We’re talking about the legacy of prehistoric era. This goes for all the forests and woodlands that you see along the way that all date back to those ancient times. For example, the birches, typical Nordic trees that you see in the Gran Sasso National Park, are prehistoric remnants from the Ice Age. But the woods, the forests, the green marvels of our area can be enjoyed by everyone. What we have to offer, though, is an exclusive prehistoric treasure hunt, equipped with ruck sack, torch and trekking boots – a thrilling expedition that brings those ancient times back to life.

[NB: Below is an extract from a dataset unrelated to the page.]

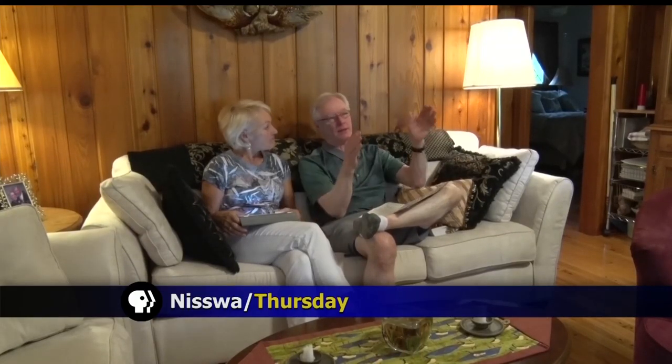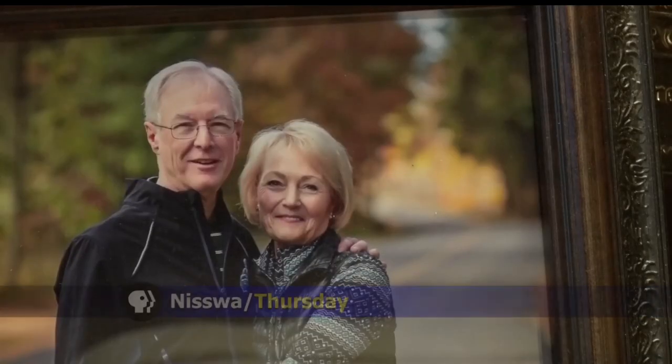Meet Raymond and Susan Kiefer. The married couple of 45 years have been through thick and thin together, including the hardest battle of the past eight years — Raymond's battle with melanoma, discovered by Susan in 2009. It had an irregular shape and the coloring was different.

How could we start this journey anywhere else than with the very recent discovery of a giant dinosaur footprint that was unearthed on Cagno mountain in Caprara. The giant footprint is believed to have belonged to a (ferocious) carnivore that lived hundreds of millions of years ago. We will reach it via a two-hour trek through woods which, among other things, has plenty of beautiful scenery to enjoy along the way.

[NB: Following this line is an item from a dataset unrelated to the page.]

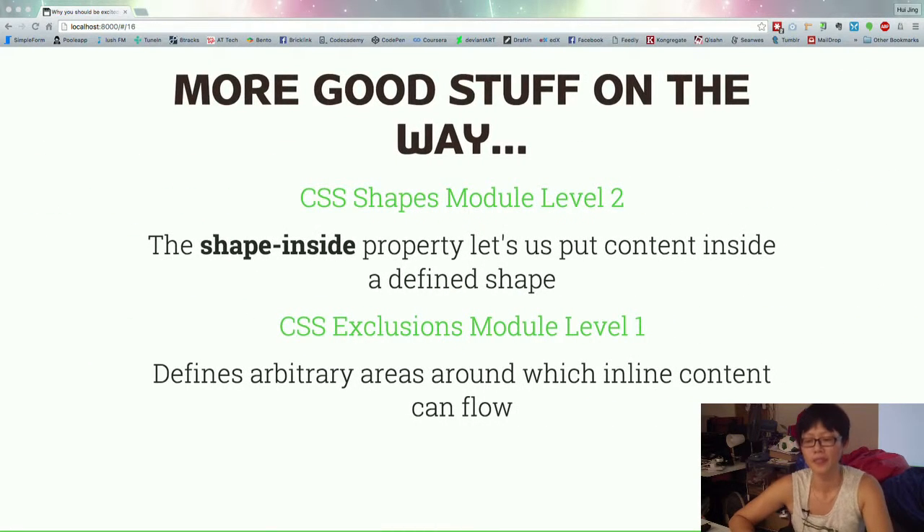There's a CSS Shapes module level 2, which will define a shape-inside property. So right now the text can only flow outside the shape — you technically can't make your text flow inside any shape yet. The CSS Shapes module level 2 will give a shape-inside property that allows us to put content inside a shape. There's also a CSS Exclusions property — basically it's similar to CSS Shapes right now, where content will flow outside, but you don't have to float it around an actual element. You can define an empty circle in the middle of your text and the text will just flow around it. That's why it's called exclusions — not here yet, but hopefully coming soon.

Still in the Sirente-Velino Park area, we can’t not mention the enormous necropolis at Fossa. With its distinctive prehistoric standing stones it’s dubbed the Stonehenge of Italy.
But the Gran Sasso has no fewer surpises. The largest and most exciting discovery is perhaps that of a mammoth (and yes, even in Italy we had mammoths), in Scoppito, close to L’Aquila in whose Abruzzo National Museum (MUNDA, to its friends) the mammoth can be seen in all its glory.
Along the ridges of the Gran Sasso mountain, where today you can see pleasant fortified towns, once there were tiny settlements of early man. They hid themselves in caves as protection from ferocious animals. These ancestors of ours left numerous traces of their existence: lances, stone axes, everyday objects and cave paintings. These treasures can be seen, for example, in Catignano, in the neolithic village where many very important painted ceramic remains were found of the so-called ‘Catignano Culture’.
Some years ago many bronze age objects came to light in the Cave at Male di Assergi. The descent is only for true explorers, to see its beautiful underground lakes. They can only be reached, torch in hand, by being lowered 3 metres by rope.
And you can’t miss the Pietra Rossa (Red Rock) cave at Carpineto della Nora. Easier to reach on a guided expedition, it has Iron Age cave paintings and is on route to the majestic pastures of Voltigno, on Gran Sasso’s eastern slopes.